Two towers were installed in the center of each plot at a height of 2 m (green circle in Figure 2). They provided the elements to calculate the four principal components of energy balance. An Eddy covariance instrument provided high-frequency (20 Hz) measurements of three-dimensional air velocity and temperature (CSAT3, Campbell Scientific Inc.); and synchronous water vapor concentration measured with high-speed hygrometers (KH2O, Campbell Scientific Inc.).

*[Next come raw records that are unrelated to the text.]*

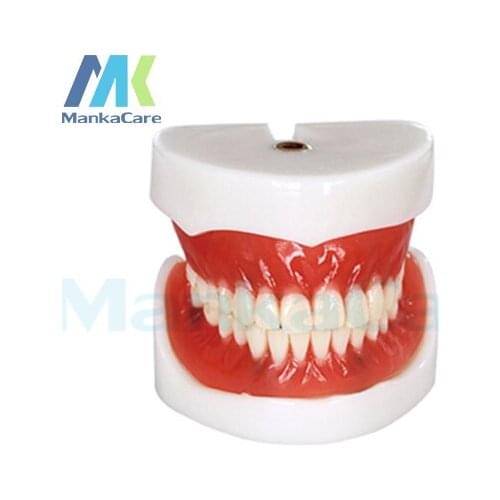 Manka Care - Full Denture Implant Mode Oral Model Teeth Tooth Model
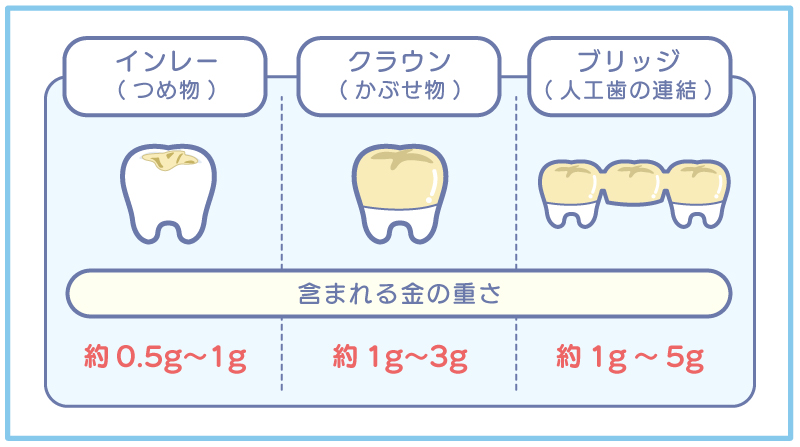 3種類の金歯に含まれるゴールド含有量比較図解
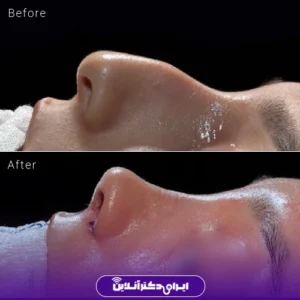 نمونه کار عمل بینی دکتر سمانه زند 4
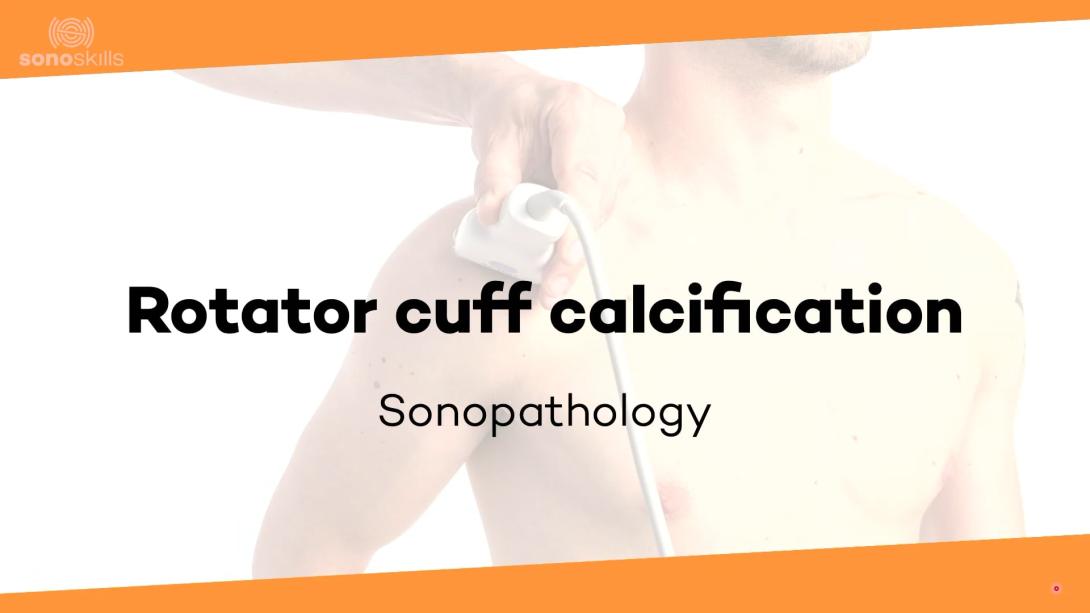 Rotator cuff calcification - sonopathology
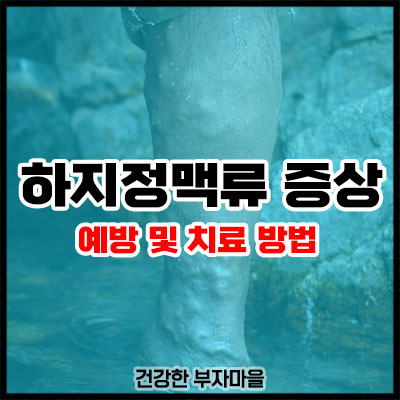 하지정맥류 증상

Soil fluxes were measured with heat flux plates (HFT3-L, Campbell Scientific Inc.), and finally the four net radiation components were measured with a radiometer (CNR4, Kipp & Zonen, Delft, Netherlands). Data was averaged at a 30 min time interval and checked for energy balance closure with the Bowen ratio method with an r2 of 0.85 (slope of 1.1) for the experimental plot and 0.92 (slope of 1.06) for the reference plot. Although not being applied here, it may be noted that other energy balance closure techniques exist. In particular, the study of [45] showed that differences of +10% to −20% of yearly cumulated ET compared to the Bowen Ratio technique may appear. Actual evapotranspiration measured with this system will be further referred to as E T E C .
Figure 4. Time evolution of Rainfall and Reference Evapotranspiration (ET0) during the experimental setup.
Figure 4. Time evolution of Rainfall and Reference Evapotranspiration (ET0) during the experimental setup.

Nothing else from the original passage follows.